> PROMPT
For this exercise, return only the lines in the records below from the one holding "hotgirl_krisxx online show" through the one holding "Photo of 2025", including both, exactly as they appear and without pictures.

> INPUT DATA
╭──

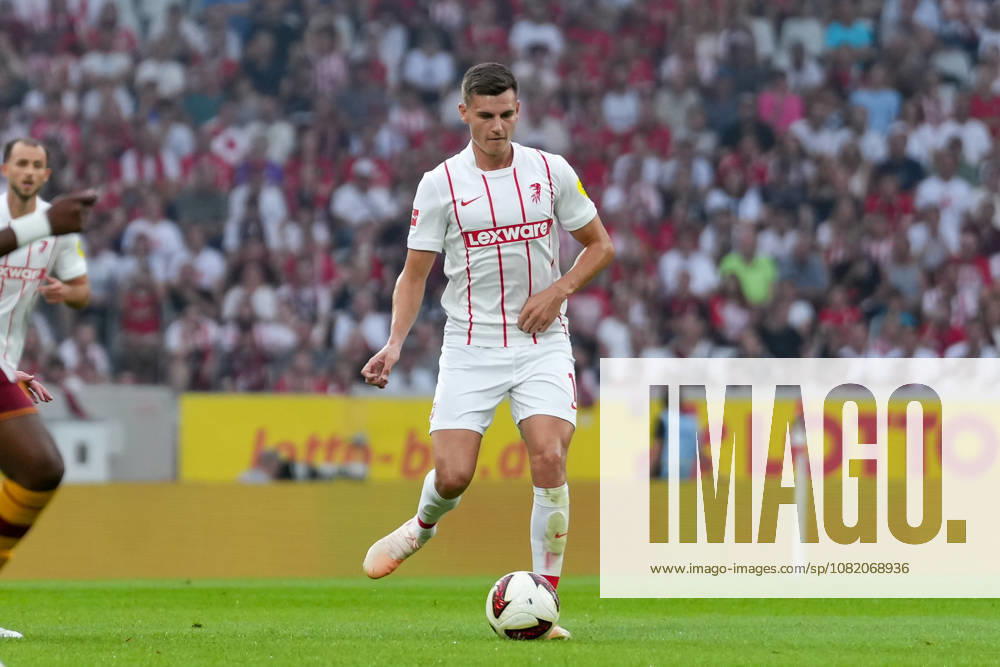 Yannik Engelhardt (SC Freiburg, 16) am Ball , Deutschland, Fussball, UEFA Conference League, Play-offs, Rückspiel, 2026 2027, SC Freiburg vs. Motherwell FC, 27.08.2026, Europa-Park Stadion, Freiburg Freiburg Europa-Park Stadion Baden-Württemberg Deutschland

╰──
╭──

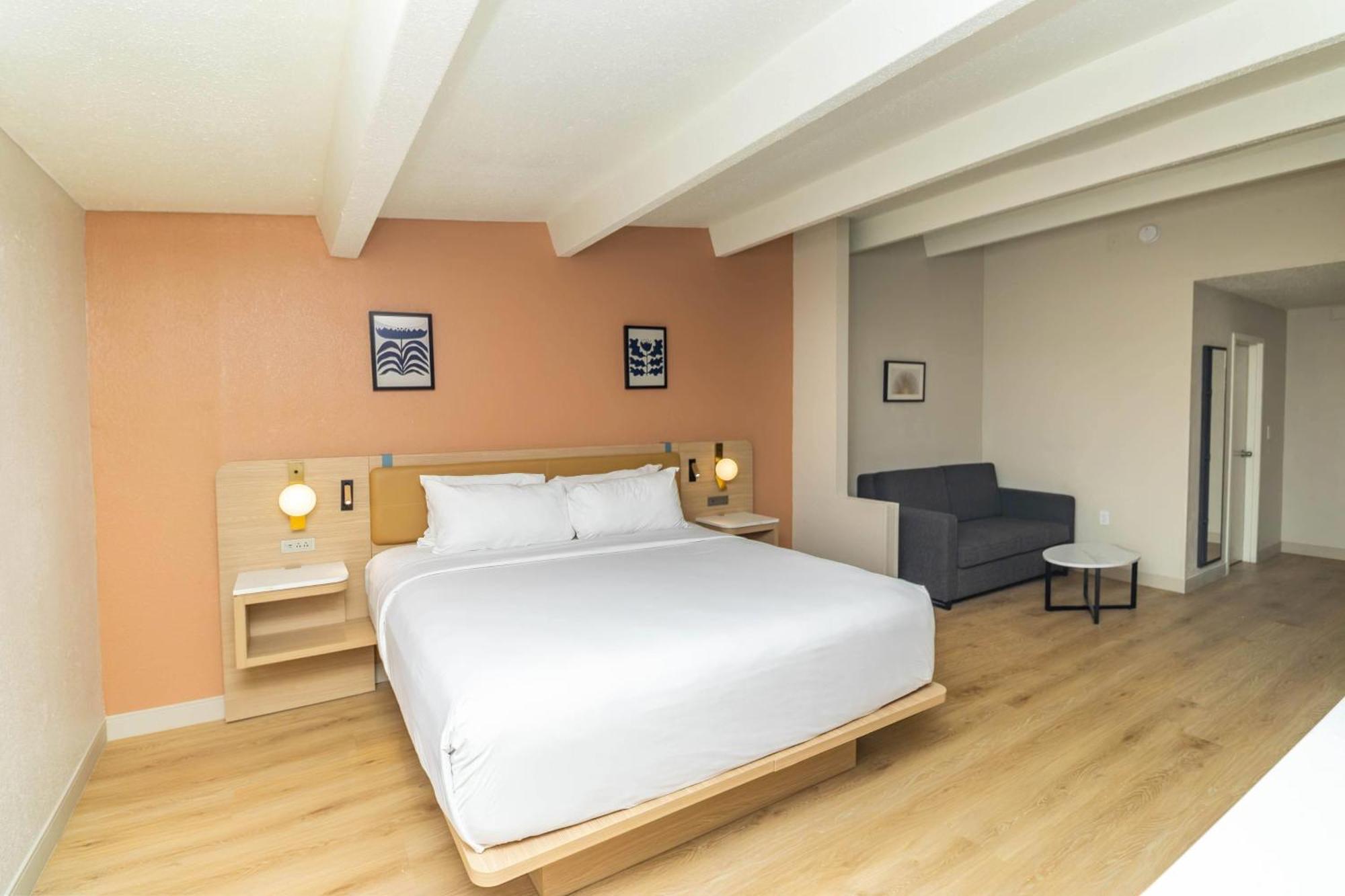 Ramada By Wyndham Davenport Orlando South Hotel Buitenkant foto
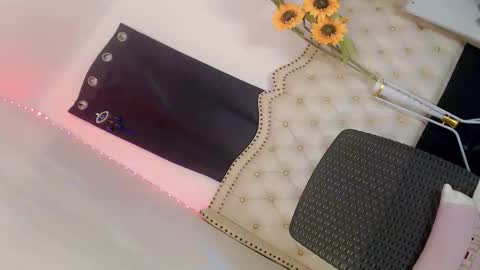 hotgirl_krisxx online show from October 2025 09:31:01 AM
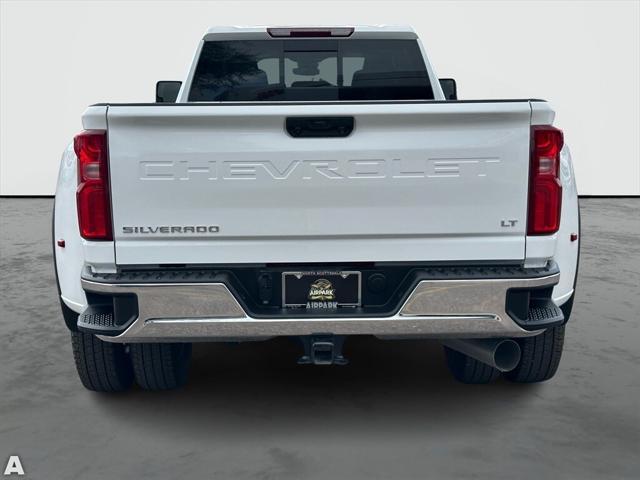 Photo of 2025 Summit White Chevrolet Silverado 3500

╰──

> SOLUTION
 hotgirl_krisxx online show from October 2025 09:31:01 AM
 Photo of 2025 Summit White Chevrolet Silverado 3500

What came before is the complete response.